Little does mom know that your idea of ‘comfortable’ is Couchsurfing and raiding your host’s fridge for food the second they go to work.
I call bullshit. You are attached to it emotionally. You do not need it. There is a world of difference between the two. I wager that you will not care about all of your old belongings when you are halfway around the world, perfectly happy (and probably even happier than ever) living with 5% of your previous possessions. A few boxes of old photos and a few keepsakes you want to keep in mom’s attic, fine. But when you come back, (if you come back!), you will probably shake your head in disbelief at the stupid stuff that at one time you could not part with.
Do your family a favor, bite the bullet, and part with as much as possible before your trip. They might love you to death, but not even family enjoys babysitting all of your shit.
Let’s be honest, work opportunities are wherever you make the opportunity, and if you really wanted to, you could try hard and make something happen anywhere in the world. You are moving because you want to move and experience new things. It’s okay, we get it. If the work excuse makes you feel somehow more responsible, roll with it. No judgment here.
Maybe so, probably no. One thing is pretty much guaranteed — you won’t come back the same person. Travel and living abroad inevitably makes you grow and see things in a different way, and gives you different priorities. You probably inherently know this, and, consciously or not, it’s part of the reason that you are traveling in the first place.
Language skills, maybe? Yeah…after four years of Spanish class in high school, you aren’t even able to order your own taco and beer at the Mexican restaurant, shedding doubt on your ability to come back fluent from where you are going. Your life aspirations at this point include surfing, local microbrews, and Brazilians. Who are you kidding? You will never be interested in the kind of job that actually requires a resume.
Yes, you ‘can.’ That doesn’t mean you will. In the beginning, maybe. After the first week or month, not so much. There perhaps might come a point when putting a ‘like’ on your nephew’s Facebook post counts as good enough, because your parents will see it and know you aren’t dead, right?
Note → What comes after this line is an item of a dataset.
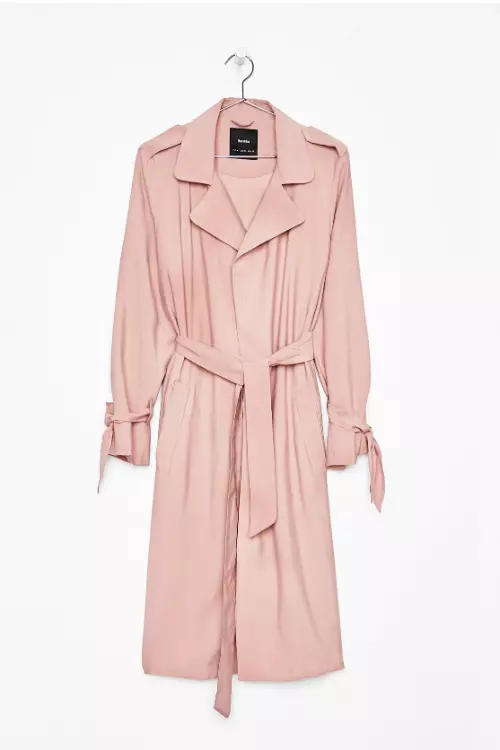 Trenci Bershka 199,90 lei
Unless you fall in love with an Argentine and move to Buenos Aires. Or you decide to live out a childhood fantasy and join the circus on the road in Romania, because, well, you now can. Or you don’t do shit for the first 11.5 months of your trip besides drink beer on the beach, and you realize that there are still things that you actually want to do and see in your new country. Or you came to the realization that everyone in your family is an negative, dream-killing, soul-sucking bastard and you are quite enjoying your newfound space from them. Or you aren’t even close to being able to afford the plane ticket back home, and you realize the cost of the return flight could be spent bumming around for another year where you are if you are frugal. Or the thought of going back to your university or cubicle job back home makes you feel like vomiting. Or your sense of ‘home’ now has nothing to do with your old home. These things happen.